Pero tras este éxito ocurrió algo poco frecuente en una dictadura. Rivalidades entre cuerpos policiales distintos hicieron que se revisara la causa y que un juez profesional e imparcial, Albes Monteiro, echara por tierra toda la instrucción de la policía política (que todavía no era la famosa PIDE), declarara inocentes a los detenidos y los pusiera en libertad. No solo hizo eso, sino que también detuvo a los verdaderos autores, principalmente anarquistas, aunque entre ellos hubiera algún simpatizante comunista o algún republicano.
No contaban con ayuda exterior, cometieron todas las chapuzas posibles y fue fácil dar con ellos. Emídio Santana estuvo en prisión hasta 1953. Escribió un pormenorizado libro sobre los hechos. El fracaso se debió al amateurismo de los participantes, que cometieron una torpeza tras otra, en este atentado y en los que intentaron antes. En cierta ocasión, huyeron abandonando un coche con una pistola, una nota manuscrita firmada por uno de ellos y una tartera con guiso de conejo.
La conclusión es que aquel atentado del 4 de julio de 1937 había sido un regalo para la dictadura (fue seguido de infinidad de manifestaciones en apoyo de Salazar), pero sus servicios secretos no habían tenido nada que ver con él ni tampoco los sublevados españoles, que en buena parte habían preparado el golpe contra la Repúblicaen Lisboa y contaban entre sus principales apoyos con el colaboracionismo salazarista.

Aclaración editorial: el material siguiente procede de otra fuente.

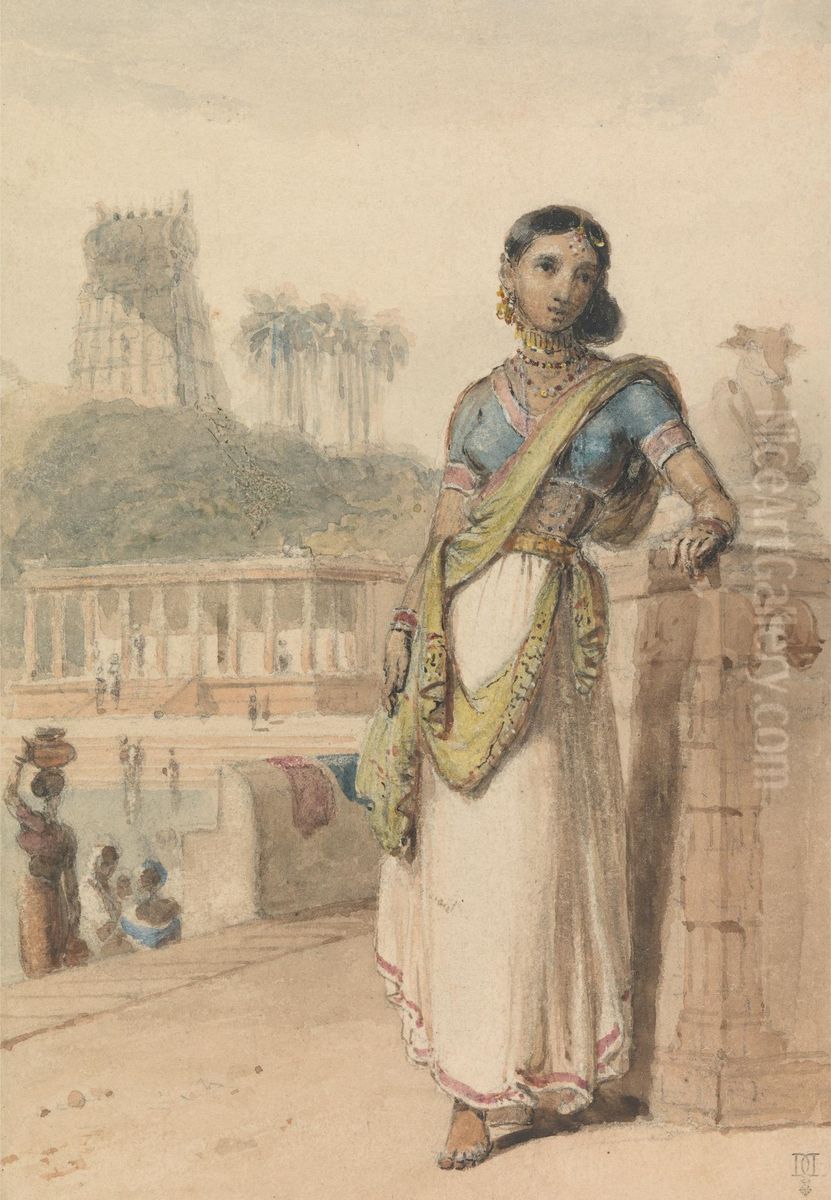 A High Caste Woman Standing by a Wall Oil Painting by William Daniell RA
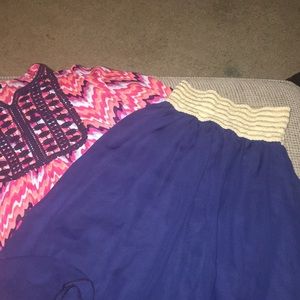 Matching shirt skirt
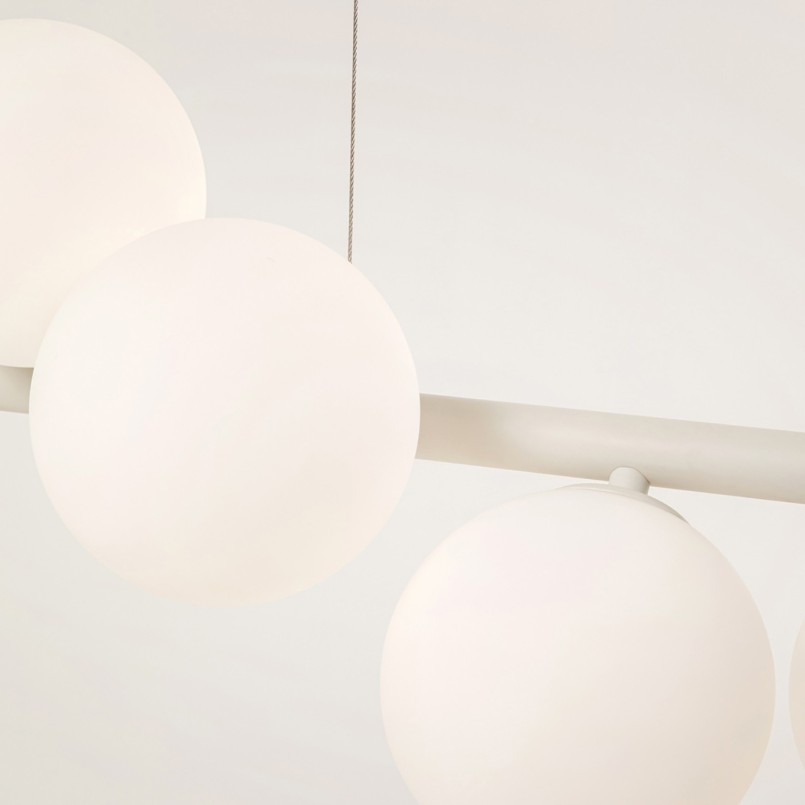 Suspension beige en verre et acier - Scala Balls - Kare Design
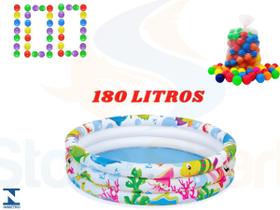 Piscina Infantil Inflável 180 Litros Colorida + 100 Bolinhas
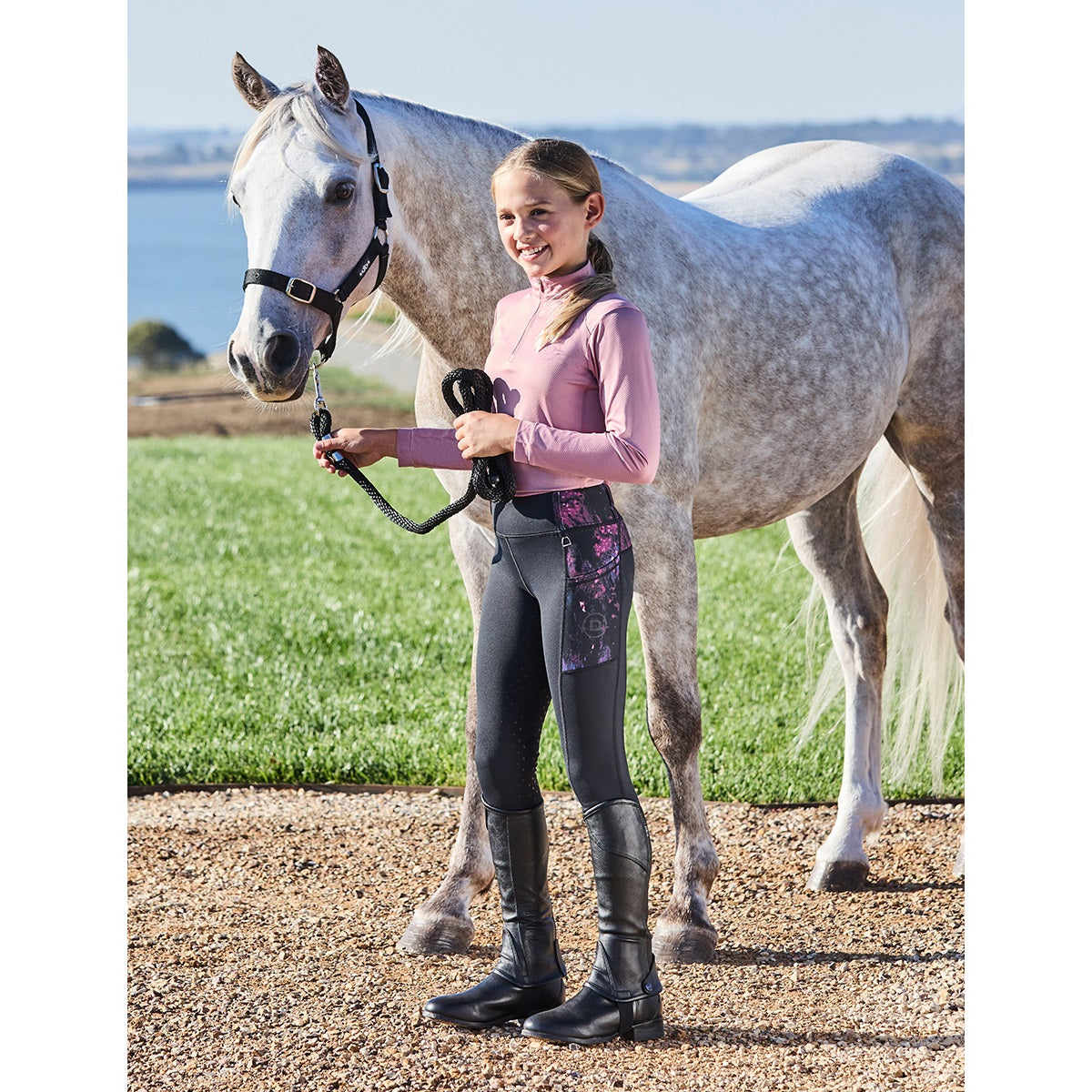 Dublin Kids Form Riding Tights - Purple Terrain Lifestyle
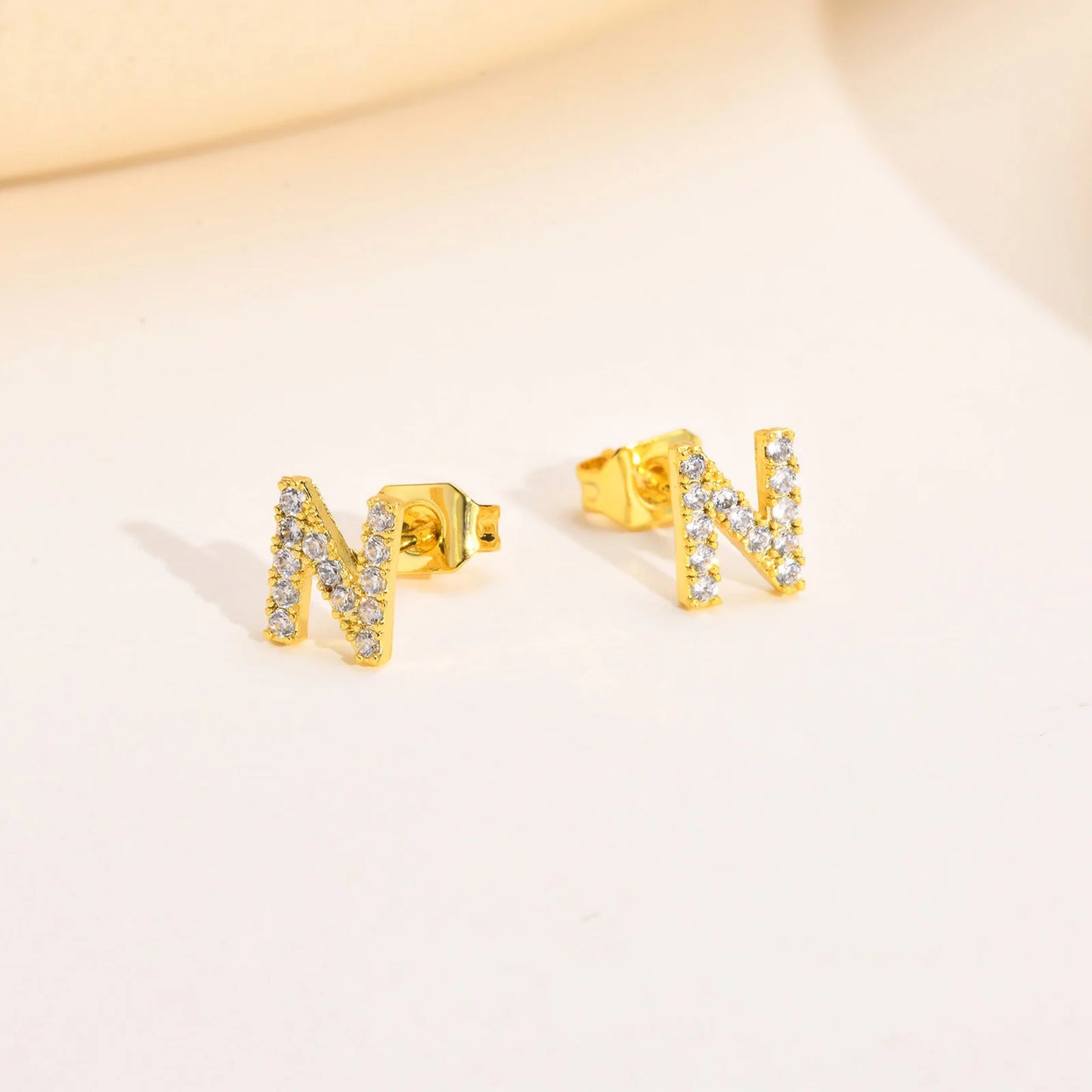 Delicate Bling 26 A-Z Initial Letter Stud Earrings for Women Girls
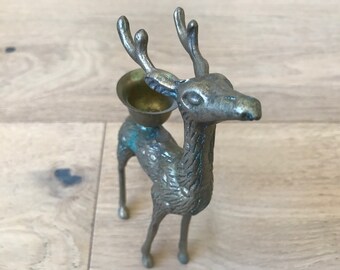 Solid Brass Deer Candle Holder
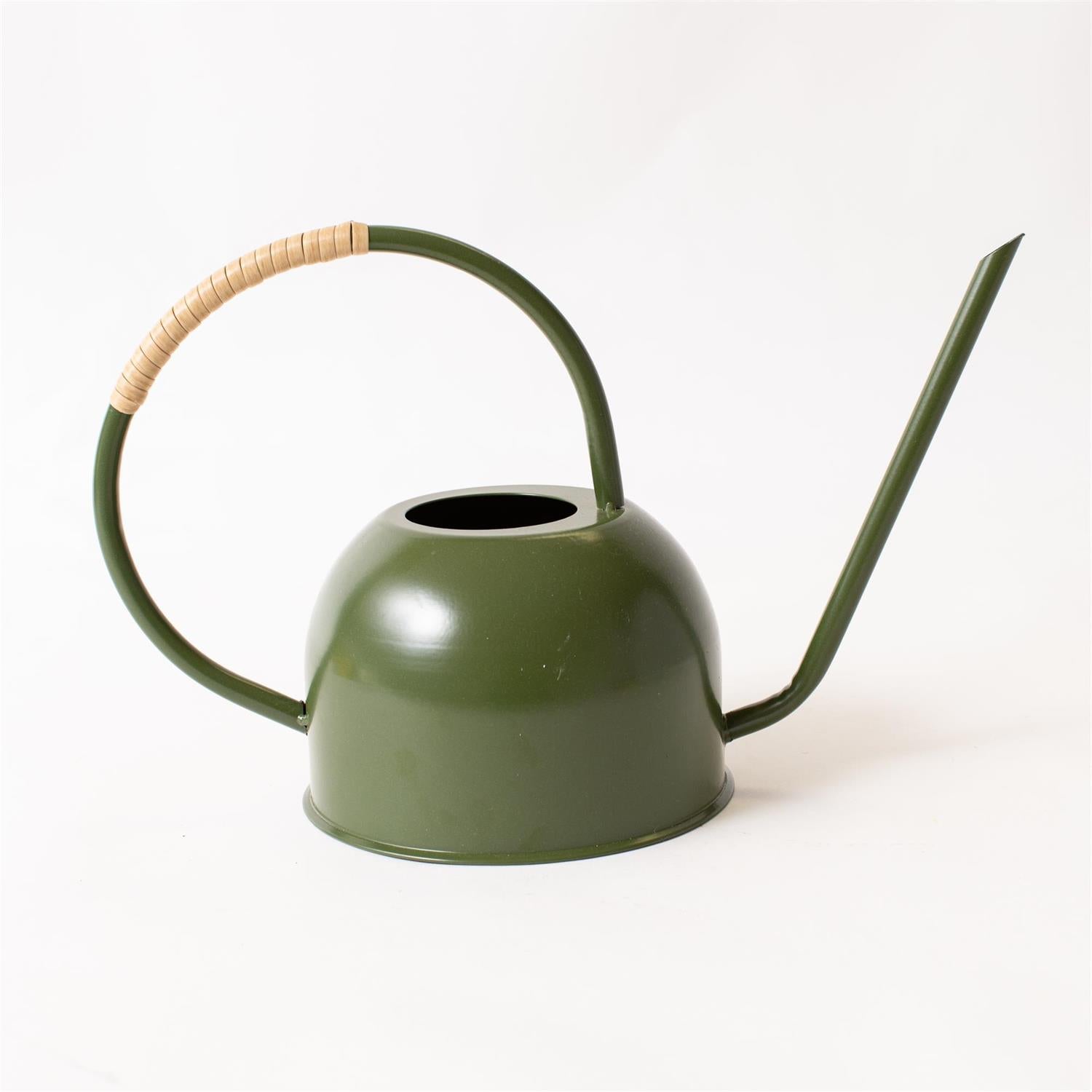 Green Enamel With Rattan Watering Can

Y sin embargo… El martes siguiente a mi encuentro con Albino Santana en la librería Bertrand fui con él a la feria de Ladra. Por supuesto, no encontramos nada que tuviera que ver con la maleta perdida de Sá-Carneiro. Sí, una primera edición de Mensagem más falsa que Judas, varios libros dedicados de Concha Espina, O Terror Vermelho de Fernández Flórez, y un puñado de cartas que, desde Salamanca escribía un tal Luis Leal (hermoso nombre) a un amigo portugués, Joaquim de Carvalho, que vivía en la Praça da Figueira. Compré las cartas, porque me sorprendió la coincidencia: yo estaba alojado en un hotel de esa plaza, cada mañana al despertarme lo primero que veía eran las ruinas del Carmo, el elevador de Santa Justa sobresaliendo sobre los tejados de la Baixa y el arbolado del mirador de San Pedro de Alcántara.
No tenían mucho interés esas cartas, que leí ya de vuelta a Oviedo, salvo una, en la que, sorprendentemente, se hablaba del atentado a Salazar. Se mencionaban detalles curiosos, como el lugar de la Avenida donde estaban colocadas las bombas (un lugar, por cierto, desde el que podían hacer más ruido que daño). Bueno, pensé, nada de extrañar. Un suceso tan llamativo no podía faltar por aquellas fechas en la correspondencia entre un amigo portugués y otro español.
Lo raro era que quien lo comentaba era Luis Leal desde Salamanca, no su corresponsal portugués. Y que faltaba todavía más de un mes para el atentado cuando lo hacía, si hemos de hacer caso al matasello de aquella carta no fechada.
Se me ocurrieron dos explicaciones: que la carta estuviera en un sobre equivocado o que las sospechas sobre la intervención de los servicios secretos españoles y portugueses en la preparación de aquel rentable atentado tuviera algo de razón.
Demasiado novelera me parece esta última hipótesis para ser cierta. A fin de cuentas, los extremistas nunca han necesitado ayuda para ser los más eficaces colaboradores de sus enemigos.